Maybe if one does something with the system, it can help it to reorganize itself better for the current market conditions.
Another way to proof it is by inserting two random variables into the system while backtesting. The panic variable and the random manual intervention variable. The panic defines randomwly how much loss or win do we accept before closing the trade. The random manual intervention decides when the trades are closed, which is to say a random manual invervention. Playing with this and other variables we can see the effect of manual intervention. Maybe some conclusions can come from it. Maybe the DD and PF do not change much which can mean that manually intervention wont affect the long run meaning that if one really knows that the system is not adjusted to the market, the manual intervention can save losses but it wont affect the wins in the long run. Just an idea.
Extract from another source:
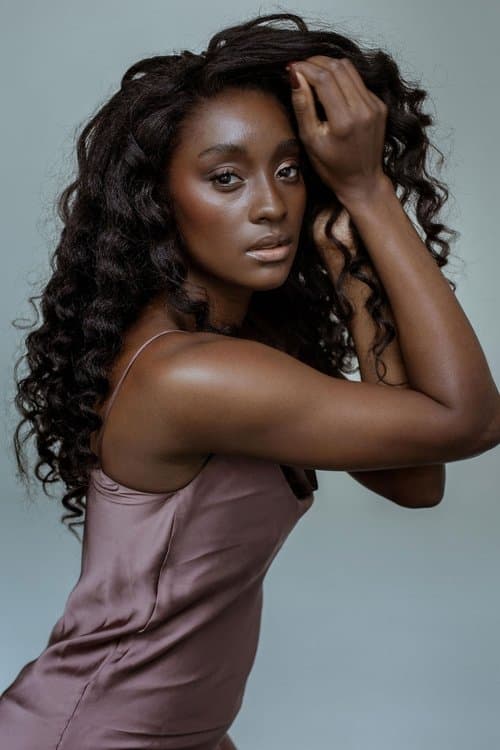 Courtnee Carter headshot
What nobody should do is to close trades due to panic because the trader does not like to see trades loosing. The system was already trained, so if maybe that that lossing trade will become a win one. The question maybe: Is this current market situation similar to those from the training period? If not, maybe the system cant adapt to the current market and to step into it can be helpful.

So it is possible that closing trades manually is good or bad depending on the market conditions. For that, two paralel systems should run. One with intervention and other without it but in different market conditions to see when it makes sense to close trades manualy, or if it does at all.

The system could have an alarm as well. For example: If the oil price or gold, or SPX500 or whatever or all of them are lower or higher now than the highest high or the lowest low of all the prices during the training time, the zorro window could prompt a message like: Not similar conditions haven been observed in the historical data used in the backtest. Manually intervention can now be considered.